Sin embargo, el señorito George se unió a las carcajadas del transgresor y dijo convencido que Mose era «todo un tipo», por lo que la reprimenda materna pareció perder fuerza.
– Bueno, viejo -dijo la tía Chloe-, tendrás que traer esos barriles.
– Los barriles de mamá son como los de la viuda sobre los que leía el señorito George en el buen libro: nunca fallan -dijo Mose al oído de Pete.
– Pues uno de ellos se vino abajo la semana pasada, desde luego -dijo Pete-, y los tiró a todos en mitad de los cantos; eso sí era fallar, ¿no?
Durante este aparte entre Mose y Pete, los demás habían metido dos toneles vacíos en la cabaña, los habían asegurado con piedras a cada lado para evitar que rodaran y habían colocado tablas encima; esta operación, junto con la colocación de algunos cubos y palanganas y la distribución de unas sillas desvencijadas, dio fin a los preparativos.
– El señorito George lee tan bien que estoy segura de que se quedará a leer para nosotros -dijo la tía Chloe-; así será mucho más interesante.
George consintió de buena gana, pues siempre estaba dispuesto a hacer lo que ponía de relieve su importancia. Pronto se llenó la habitación de un grupo abigarrado de gente, desde el patriarca canoso de ochenta años a la muchacha y el muchacho de quince. Chismorrearon sobre varios temas sin importancia, como dónde la tía Sally había conseguido su nuevo pañuelo rojo y que «la señora iba a regalarle a Lizzie el vestido moteado de muselina en cuanto le preparasen su nuevo traje», y que el señor Shelby pensaba comprar un nuevo potro alazán, que sería otra contribución a la gloria del lugar. Unos cuantos de los devotos que pertenecían a familias del vecindario tenían permiso para asistir y traían un interesante surtido de noticias sobre lo que se decía y hacía en tal o cual casa, que circulaba con la misma libertad que el mismo tipo de información circula en ambientes más elevados. Después de un rato, comenzaron las canciones, para el evidente deleite de todos los reunidos.
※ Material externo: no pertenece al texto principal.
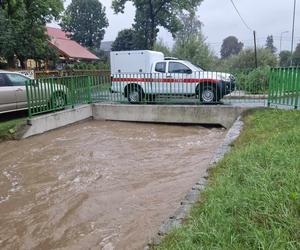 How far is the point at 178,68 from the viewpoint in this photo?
12953 millimetres

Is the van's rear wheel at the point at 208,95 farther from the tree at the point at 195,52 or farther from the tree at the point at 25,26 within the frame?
the tree at the point at 195,52

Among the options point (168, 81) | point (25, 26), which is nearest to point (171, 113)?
point (168, 81)

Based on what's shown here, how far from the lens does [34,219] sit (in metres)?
4.93

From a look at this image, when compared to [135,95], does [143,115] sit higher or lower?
lower

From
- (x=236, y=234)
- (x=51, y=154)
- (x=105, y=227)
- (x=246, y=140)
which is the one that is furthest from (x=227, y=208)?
(x=51, y=154)

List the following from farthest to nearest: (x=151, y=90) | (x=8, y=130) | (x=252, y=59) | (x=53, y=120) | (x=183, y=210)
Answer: (x=252, y=59) → (x=151, y=90) → (x=53, y=120) → (x=8, y=130) → (x=183, y=210)

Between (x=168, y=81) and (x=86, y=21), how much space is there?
37.3m

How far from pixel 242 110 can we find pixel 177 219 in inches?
327

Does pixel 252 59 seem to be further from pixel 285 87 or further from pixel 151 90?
pixel 285 87

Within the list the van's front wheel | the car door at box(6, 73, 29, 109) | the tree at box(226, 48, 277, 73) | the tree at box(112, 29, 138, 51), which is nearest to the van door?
the van's front wheel

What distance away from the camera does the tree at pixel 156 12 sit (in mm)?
30656

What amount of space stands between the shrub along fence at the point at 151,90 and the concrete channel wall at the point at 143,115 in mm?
395

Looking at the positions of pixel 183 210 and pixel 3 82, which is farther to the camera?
pixel 3 82

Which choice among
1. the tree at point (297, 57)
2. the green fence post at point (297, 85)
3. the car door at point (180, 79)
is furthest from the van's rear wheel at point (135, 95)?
the tree at point (297, 57)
Ni siquiera la entonación nasal era capaz de estropear el efecto de unas voces buenas por naturaleza cantando unas melodías salvajes y briosas a la vez. Algunas de las letras eran de los himnos comunes y conocidos que se cantaban en las iglesias de los alrededores, y a veces de tipo más primitivo e indefinido, aprendido en los campamentos.
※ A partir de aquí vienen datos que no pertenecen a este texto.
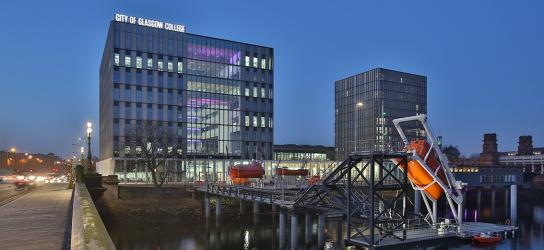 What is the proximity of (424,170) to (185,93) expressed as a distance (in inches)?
2942

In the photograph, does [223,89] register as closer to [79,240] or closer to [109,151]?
[109,151]

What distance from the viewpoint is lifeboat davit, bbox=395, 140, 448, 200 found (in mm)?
40312

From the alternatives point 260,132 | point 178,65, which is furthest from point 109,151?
point 260,132

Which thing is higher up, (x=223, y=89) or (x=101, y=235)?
(x=223, y=89)

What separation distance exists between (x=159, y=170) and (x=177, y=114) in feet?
49.6

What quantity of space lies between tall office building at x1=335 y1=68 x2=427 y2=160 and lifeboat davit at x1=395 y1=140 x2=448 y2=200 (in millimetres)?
123008

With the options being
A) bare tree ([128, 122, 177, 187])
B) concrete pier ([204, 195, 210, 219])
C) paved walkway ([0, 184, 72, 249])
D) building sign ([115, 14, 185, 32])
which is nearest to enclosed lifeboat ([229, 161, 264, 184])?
concrete pier ([204, 195, 210, 219])

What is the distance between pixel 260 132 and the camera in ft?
367

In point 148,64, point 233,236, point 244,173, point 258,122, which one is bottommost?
point 233,236

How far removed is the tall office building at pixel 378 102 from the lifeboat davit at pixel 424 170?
123008 mm

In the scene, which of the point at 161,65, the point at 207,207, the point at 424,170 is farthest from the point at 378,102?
the point at 424,170

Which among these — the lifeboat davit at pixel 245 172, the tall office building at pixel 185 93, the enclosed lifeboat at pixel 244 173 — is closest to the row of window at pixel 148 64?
the tall office building at pixel 185 93

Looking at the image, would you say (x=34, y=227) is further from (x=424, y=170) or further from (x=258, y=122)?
(x=258, y=122)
El estribillo de una de ellas, que cantaron con gran energía y devoción, decía así:
Morir en el campo de batalla,
morir en el campo de batalla,
gloria para mi alma.
Otra favorita repetía muchas veces las palabras:
Oh, voy a la gloria. ¿No quieres venir conmigo?
¿No ves cómo los ángeles me llaman?
¿No ves la ciudad de oro y el día interminable?
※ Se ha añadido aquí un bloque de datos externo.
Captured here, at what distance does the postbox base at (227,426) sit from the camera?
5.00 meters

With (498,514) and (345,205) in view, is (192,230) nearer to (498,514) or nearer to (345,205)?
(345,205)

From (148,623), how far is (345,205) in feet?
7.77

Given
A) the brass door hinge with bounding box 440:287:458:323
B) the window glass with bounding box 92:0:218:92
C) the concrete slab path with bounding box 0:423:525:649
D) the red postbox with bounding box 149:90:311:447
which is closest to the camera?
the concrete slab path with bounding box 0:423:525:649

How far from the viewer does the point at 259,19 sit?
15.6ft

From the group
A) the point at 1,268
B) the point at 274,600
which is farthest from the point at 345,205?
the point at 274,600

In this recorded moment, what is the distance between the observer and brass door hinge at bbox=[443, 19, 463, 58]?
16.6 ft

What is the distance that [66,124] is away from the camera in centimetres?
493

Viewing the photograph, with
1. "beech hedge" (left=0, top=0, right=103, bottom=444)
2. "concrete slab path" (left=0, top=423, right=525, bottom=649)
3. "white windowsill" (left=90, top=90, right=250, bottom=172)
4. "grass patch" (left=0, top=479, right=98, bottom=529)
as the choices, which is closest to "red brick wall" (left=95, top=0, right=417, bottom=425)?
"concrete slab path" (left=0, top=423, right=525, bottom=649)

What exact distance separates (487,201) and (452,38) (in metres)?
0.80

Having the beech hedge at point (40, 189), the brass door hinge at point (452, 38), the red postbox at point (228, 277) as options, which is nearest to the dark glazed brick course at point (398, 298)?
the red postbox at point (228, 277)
Hubo otras que mencionaban sin cesar «las orillas del Jordán», «los campos de Canaán» y «la nueva Jerusalén», pues la mente de los negros, apasionada e imaginativa, es siempre atraída por himnos y expresiones de naturaleza vívida y pintoresca; y, mientras cantaban, algunos se reían, algunos lloraban y algunos batían palmas o se estrechaban las manos con alegría, como si realmente hubieran alcanzado el otro lado del río.